• INSTRUCTIONS FOR THE TASK:
Identify the line that contains "Rok temu liczba" in the material. Output it and every line after it, unchanged, through the end.

• RECORD SET:
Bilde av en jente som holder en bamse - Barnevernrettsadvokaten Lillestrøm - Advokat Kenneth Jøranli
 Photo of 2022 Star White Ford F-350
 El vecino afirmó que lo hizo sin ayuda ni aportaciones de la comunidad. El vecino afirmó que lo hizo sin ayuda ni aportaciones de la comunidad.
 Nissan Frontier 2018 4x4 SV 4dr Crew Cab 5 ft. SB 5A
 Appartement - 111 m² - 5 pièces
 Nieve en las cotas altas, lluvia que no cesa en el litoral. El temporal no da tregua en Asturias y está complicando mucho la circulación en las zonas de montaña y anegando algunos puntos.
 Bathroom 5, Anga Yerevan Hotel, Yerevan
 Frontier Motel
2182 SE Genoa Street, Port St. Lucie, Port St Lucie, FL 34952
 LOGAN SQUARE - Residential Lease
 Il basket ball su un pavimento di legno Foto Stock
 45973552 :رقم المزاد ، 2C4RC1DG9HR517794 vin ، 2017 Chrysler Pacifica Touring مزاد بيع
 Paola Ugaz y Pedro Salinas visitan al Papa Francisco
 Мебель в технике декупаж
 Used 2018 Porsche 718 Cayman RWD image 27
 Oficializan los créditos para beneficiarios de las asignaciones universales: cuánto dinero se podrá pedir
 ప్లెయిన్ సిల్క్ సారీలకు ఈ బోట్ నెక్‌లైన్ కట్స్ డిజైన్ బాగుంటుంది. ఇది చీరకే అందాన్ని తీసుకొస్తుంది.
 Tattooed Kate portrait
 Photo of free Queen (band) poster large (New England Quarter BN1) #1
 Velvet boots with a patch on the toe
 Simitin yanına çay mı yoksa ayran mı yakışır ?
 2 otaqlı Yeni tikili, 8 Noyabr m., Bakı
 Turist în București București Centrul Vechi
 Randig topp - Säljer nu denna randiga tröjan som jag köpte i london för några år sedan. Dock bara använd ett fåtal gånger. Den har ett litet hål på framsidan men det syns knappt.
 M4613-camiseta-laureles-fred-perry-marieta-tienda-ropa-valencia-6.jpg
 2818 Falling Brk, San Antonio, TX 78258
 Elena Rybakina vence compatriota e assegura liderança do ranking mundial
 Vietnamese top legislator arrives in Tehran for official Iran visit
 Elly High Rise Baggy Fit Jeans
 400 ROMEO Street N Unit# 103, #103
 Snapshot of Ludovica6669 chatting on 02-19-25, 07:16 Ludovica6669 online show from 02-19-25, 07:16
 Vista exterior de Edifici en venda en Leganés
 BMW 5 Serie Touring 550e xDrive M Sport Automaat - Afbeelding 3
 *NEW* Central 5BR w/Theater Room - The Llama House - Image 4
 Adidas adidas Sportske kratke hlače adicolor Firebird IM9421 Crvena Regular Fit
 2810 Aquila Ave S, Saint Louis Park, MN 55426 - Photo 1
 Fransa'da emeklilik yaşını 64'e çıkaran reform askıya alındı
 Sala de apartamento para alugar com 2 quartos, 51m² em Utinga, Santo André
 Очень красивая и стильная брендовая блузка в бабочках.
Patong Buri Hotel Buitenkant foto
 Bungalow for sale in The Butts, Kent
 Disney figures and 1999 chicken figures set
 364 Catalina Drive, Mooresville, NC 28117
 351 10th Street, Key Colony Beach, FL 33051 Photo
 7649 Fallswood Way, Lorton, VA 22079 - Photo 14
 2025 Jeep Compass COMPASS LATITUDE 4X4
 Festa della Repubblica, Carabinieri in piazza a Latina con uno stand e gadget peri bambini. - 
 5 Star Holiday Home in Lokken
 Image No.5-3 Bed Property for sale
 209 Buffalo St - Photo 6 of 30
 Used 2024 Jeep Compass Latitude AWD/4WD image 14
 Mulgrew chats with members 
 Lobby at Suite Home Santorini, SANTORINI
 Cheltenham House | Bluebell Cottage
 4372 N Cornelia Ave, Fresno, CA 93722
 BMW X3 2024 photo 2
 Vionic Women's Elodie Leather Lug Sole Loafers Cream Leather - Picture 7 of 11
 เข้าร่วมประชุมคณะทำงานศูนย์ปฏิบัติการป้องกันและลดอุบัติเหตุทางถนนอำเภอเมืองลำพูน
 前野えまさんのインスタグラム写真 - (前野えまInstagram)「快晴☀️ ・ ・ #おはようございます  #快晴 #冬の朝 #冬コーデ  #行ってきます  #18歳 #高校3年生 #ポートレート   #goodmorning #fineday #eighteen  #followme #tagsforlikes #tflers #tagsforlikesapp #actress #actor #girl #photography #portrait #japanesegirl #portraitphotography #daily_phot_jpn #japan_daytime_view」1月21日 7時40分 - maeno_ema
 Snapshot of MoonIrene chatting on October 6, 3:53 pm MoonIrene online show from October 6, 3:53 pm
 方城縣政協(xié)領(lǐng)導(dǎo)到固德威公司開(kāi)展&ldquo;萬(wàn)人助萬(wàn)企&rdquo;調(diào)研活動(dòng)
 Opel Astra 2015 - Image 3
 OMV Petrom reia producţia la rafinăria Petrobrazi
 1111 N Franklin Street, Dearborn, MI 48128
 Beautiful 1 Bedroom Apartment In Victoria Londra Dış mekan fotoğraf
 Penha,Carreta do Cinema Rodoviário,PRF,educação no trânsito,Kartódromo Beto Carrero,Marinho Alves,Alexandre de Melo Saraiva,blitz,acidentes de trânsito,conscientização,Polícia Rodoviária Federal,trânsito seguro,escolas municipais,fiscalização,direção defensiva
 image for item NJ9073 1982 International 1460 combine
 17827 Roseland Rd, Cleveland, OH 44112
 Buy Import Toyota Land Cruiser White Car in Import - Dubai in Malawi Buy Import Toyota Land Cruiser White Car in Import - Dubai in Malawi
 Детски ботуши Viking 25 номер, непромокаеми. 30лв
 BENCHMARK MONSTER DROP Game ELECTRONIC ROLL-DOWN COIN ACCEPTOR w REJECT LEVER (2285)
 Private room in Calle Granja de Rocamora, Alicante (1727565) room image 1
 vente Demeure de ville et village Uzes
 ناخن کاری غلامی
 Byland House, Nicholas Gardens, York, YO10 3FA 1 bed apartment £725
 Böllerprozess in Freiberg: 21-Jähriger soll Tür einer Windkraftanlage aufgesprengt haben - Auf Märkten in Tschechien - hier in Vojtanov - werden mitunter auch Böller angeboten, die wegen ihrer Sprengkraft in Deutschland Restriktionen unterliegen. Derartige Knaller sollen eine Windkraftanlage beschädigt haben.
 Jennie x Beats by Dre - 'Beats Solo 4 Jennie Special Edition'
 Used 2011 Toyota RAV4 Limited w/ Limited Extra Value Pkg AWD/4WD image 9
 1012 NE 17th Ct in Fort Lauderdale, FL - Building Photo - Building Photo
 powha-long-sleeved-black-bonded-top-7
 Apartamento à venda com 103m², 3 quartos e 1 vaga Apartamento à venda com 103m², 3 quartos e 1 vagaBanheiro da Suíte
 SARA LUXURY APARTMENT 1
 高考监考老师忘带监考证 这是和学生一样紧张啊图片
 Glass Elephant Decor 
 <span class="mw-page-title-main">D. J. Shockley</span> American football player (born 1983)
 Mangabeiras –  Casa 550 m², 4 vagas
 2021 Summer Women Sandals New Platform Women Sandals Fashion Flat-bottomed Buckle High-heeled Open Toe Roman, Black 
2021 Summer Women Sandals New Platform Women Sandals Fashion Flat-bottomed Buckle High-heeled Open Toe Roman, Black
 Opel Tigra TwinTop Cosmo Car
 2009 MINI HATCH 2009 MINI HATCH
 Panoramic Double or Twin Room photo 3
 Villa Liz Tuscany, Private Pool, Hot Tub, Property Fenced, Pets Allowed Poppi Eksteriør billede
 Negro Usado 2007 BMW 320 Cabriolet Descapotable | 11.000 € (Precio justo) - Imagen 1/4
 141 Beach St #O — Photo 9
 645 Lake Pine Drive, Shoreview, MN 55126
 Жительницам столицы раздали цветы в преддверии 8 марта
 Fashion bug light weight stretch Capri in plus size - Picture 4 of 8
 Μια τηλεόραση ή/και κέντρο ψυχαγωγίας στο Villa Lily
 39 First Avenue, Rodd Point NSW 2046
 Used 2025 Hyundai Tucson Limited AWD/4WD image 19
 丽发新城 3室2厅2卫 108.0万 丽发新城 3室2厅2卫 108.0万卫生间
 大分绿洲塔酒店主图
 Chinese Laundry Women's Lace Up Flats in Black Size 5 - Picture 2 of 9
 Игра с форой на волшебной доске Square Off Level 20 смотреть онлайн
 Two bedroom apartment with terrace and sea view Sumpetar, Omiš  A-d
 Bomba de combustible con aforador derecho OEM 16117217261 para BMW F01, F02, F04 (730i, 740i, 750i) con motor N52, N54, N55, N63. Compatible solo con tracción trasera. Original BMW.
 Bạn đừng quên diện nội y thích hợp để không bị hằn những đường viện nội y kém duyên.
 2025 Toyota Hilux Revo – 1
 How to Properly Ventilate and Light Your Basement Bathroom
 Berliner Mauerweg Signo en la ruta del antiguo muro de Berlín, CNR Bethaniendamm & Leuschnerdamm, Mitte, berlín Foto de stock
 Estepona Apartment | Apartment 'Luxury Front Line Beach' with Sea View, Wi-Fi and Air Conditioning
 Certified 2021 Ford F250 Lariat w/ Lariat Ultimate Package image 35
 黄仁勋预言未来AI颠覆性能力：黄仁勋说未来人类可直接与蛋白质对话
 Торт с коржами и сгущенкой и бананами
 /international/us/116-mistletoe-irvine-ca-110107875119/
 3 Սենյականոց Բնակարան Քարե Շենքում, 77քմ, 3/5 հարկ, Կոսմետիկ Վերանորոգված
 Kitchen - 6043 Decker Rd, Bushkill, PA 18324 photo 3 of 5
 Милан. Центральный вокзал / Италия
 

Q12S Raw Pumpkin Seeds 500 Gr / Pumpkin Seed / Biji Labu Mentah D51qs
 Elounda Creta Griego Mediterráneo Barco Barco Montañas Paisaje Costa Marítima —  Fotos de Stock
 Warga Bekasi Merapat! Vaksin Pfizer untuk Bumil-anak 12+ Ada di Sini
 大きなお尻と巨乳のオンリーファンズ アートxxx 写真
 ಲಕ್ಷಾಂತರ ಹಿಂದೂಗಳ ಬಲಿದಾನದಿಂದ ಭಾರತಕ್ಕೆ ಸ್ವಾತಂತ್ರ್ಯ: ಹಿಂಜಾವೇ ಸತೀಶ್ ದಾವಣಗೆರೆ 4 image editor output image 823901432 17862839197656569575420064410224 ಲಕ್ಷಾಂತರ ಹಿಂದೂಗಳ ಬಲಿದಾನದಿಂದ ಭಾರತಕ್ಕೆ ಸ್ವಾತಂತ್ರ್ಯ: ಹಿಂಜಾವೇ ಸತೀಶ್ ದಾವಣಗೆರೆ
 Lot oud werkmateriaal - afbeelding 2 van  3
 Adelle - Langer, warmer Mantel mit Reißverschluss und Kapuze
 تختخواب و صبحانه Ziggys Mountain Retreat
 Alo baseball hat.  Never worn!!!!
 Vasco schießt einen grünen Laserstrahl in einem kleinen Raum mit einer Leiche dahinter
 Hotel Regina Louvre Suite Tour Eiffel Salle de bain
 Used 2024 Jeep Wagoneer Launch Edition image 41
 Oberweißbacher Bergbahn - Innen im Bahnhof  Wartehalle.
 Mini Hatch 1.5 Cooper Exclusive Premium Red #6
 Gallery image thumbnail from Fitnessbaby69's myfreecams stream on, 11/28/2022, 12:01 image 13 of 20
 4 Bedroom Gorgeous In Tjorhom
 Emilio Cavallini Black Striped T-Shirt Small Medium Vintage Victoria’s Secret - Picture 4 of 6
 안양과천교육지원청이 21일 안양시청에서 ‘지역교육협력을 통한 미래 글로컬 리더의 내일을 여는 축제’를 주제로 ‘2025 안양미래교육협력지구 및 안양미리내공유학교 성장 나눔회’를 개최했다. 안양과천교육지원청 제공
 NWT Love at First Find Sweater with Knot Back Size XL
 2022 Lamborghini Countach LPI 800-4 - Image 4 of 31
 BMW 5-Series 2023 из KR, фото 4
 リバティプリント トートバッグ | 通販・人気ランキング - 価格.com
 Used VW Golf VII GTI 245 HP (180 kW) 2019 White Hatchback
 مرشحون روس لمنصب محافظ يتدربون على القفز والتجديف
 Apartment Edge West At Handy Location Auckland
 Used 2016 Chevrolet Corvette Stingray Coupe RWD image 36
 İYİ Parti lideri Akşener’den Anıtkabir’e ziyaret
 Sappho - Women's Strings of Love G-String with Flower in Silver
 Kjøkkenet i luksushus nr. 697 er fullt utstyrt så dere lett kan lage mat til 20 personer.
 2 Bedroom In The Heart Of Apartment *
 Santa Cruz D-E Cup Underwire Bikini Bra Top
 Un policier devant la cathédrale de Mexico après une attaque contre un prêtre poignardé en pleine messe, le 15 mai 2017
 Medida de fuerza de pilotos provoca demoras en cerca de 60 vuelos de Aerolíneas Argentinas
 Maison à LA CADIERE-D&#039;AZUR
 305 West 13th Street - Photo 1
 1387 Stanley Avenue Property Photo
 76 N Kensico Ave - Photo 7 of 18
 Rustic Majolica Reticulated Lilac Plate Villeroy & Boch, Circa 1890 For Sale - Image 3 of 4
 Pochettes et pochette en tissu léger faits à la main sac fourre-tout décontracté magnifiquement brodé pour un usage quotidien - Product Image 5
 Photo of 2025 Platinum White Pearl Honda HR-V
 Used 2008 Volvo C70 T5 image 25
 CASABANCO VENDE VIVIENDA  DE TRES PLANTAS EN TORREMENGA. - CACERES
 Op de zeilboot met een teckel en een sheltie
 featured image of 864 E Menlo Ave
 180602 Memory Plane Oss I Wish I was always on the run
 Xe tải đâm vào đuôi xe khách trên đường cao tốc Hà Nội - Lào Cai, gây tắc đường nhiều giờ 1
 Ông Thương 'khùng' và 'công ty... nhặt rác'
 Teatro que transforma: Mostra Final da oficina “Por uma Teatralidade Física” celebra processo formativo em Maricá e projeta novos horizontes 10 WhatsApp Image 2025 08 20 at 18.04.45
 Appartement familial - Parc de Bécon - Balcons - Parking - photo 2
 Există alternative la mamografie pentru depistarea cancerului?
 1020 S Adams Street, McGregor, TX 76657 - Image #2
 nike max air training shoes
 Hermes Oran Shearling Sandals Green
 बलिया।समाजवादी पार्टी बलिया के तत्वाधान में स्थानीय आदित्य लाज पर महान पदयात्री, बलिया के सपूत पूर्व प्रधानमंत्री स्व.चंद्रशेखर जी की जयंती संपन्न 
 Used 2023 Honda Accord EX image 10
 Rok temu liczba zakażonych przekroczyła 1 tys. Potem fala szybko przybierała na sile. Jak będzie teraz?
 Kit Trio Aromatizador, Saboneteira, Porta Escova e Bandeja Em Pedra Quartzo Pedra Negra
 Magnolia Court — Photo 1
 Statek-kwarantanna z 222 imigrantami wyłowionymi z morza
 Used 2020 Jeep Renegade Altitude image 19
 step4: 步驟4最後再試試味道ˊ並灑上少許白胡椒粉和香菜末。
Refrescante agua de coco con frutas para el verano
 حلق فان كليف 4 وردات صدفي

• ANSWER TO THIS EXERCISE:
 Rok temu liczba zakażonych przekroczyła 1 tys. Potem fala szybko przybierała na sile. Jak będzie teraz?
 Kit Trio Aromatizador, Saboneteira, Porta Escova e Bandeja Em Pedra Quartzo Pedra Negra
 Magnolia Court — Photo 1
 Statek-kwarantanna z 222 imigrantami wyłowionymi z morza
 Used 2020 Jeep Renegade Altitude image 19
 step4: 步驟4最後再試試味道ˊ並灑上少許白胡椒粉和香菜末。
Refrescante agua de coco con frutas para el verano
 حلق فان كليف 4 وردات صدفي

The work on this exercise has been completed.